Here’s why the DOMA case was boring:

  • Ginsburg, Breyer, Sotomayor and Kagan voted together. Rumor has it that they eat from the same plate of fries in the SCOTUS dining hall.
  • Kennedy was the key swing vote. Like that’s never happened before.
  • The majority opinion was purposefully vague. Was it based on federalism? Equal protection? Substantive due process? What was the level of scrutiny?

Here’s why the Prop. 8 case was boring:

  • There was no determination on the constitutionality of Proposition 8.
  • The decision was based on standing.
  • It read like this: “it is hornbook law that ‘a principal has a duty to indem­nify the agent against expenses and other losses incurred by the agent in defending against actions brought by third parties if the agent acted with actual authority in taking the action challenged by the third party’s suit.’ [citation omitted] If the issue of fees is entirely distinct from the authority question, then authority cannot be based on agency.” Doesn’t that just make your blood boil?

But now we’ll take a look at the most interesting aspects of the two cases. The Prop. 8 case can be disposed of rather quickly.
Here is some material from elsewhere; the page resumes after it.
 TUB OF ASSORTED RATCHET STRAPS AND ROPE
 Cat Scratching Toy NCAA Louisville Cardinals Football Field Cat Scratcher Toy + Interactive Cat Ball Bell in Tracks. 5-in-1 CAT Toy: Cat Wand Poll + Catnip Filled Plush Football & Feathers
First, there was an unusual alignment of judges. The majority opinion had Roberts joined by Scalia – no surprise so far – joined by Ginsburg, Breyer and Kagan while the dissent brought Alito and Thomas together with Kennedy and Sotomayor. Second, the dissent mildly “called out” the majority for dodging the constitutional issues:

the Court must be cautious before entering a realm of controversy where the legal community and society at large are still formulating ideas and approaches to a most difficult subject. But it is shortsighted to mis­construe principles of justiciability to avoid that subject.

Clearly Kennedy needs lessons in rhetoric from Scalia, whose tone in his DOMA case dissent was not so subtle:

In the majority’s telling, this story is black-and-white: Hate your neighbor or come along with us. The truth is more complicated. It is hard to admit that one’s political opponents are not monsters, especially in a struggle like this one, and the challenge in the end proves more than today’s Court can handle. Too bad. A reminder that dis­agreement over something so fundamental as marriage can still be politically legitimate would have been a fit task for what in earlier times was called the judicial tem­perament. We might have covered ourselves with honor today, by promising all sides of this debate that it was theirs to settle and that we would respect their resolution. We might have let the People decide. But that the majority will not do. Some will rejoice in today’s decision, and some will despair at it; that is the nature of a controversy that matters so much to so many. But the Court has cheated both sides, robbing the winners of an honest victory, and the losers of the peace that comes from a fair defeat. We owed both of them better.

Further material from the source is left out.